EXERCISE INSTRUCTIONS: The part below that opens with the line containing "2025 Peterbilt 589 image 14" and closes with the line containing "Hotel Kembang Cihamplas Bandung" should be copied exactly, minus any pictures.
╭─ TASK MATERIAL
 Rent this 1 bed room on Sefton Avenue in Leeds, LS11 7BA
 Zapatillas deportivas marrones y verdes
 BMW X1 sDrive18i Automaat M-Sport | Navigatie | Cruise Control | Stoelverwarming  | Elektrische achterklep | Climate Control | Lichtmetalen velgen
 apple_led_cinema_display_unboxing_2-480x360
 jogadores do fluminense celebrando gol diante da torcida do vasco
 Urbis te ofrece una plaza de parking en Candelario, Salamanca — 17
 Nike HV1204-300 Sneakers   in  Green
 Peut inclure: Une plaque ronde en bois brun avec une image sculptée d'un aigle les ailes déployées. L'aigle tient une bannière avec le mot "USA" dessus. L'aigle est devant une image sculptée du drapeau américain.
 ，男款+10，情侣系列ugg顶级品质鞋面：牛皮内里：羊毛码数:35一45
╰─
╭─ TASK MATERIAL
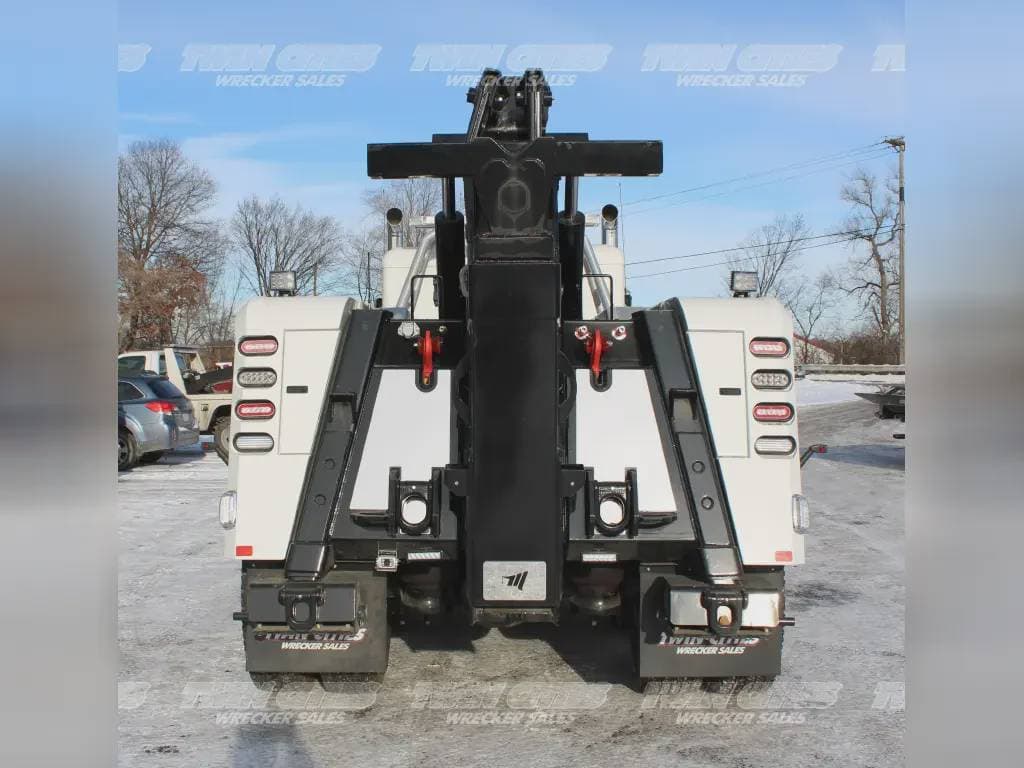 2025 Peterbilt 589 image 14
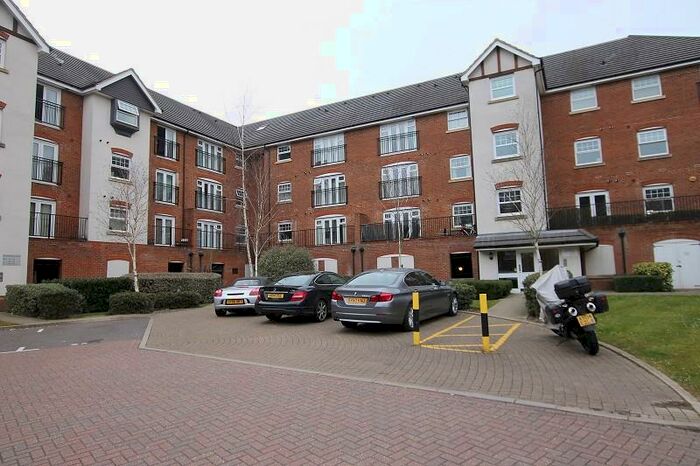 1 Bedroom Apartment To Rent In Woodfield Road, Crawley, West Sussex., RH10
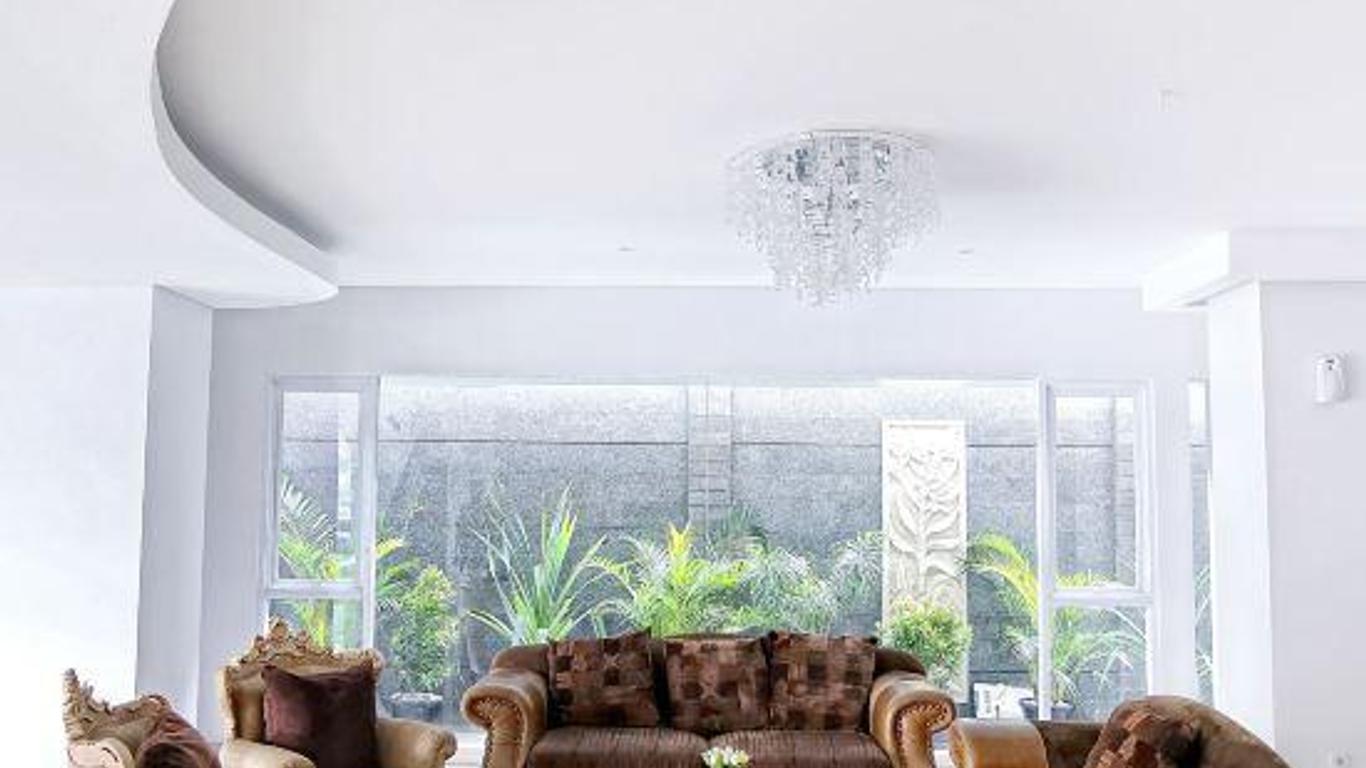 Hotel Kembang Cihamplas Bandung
╰─
REPLY:
 2025 Peterbilt 589 image 14
 1 Bedroom Apartment To Rent In Woodfield Road, Crawley, West Sussex., RH10
 Hotel Kembang Cihamplas Bandung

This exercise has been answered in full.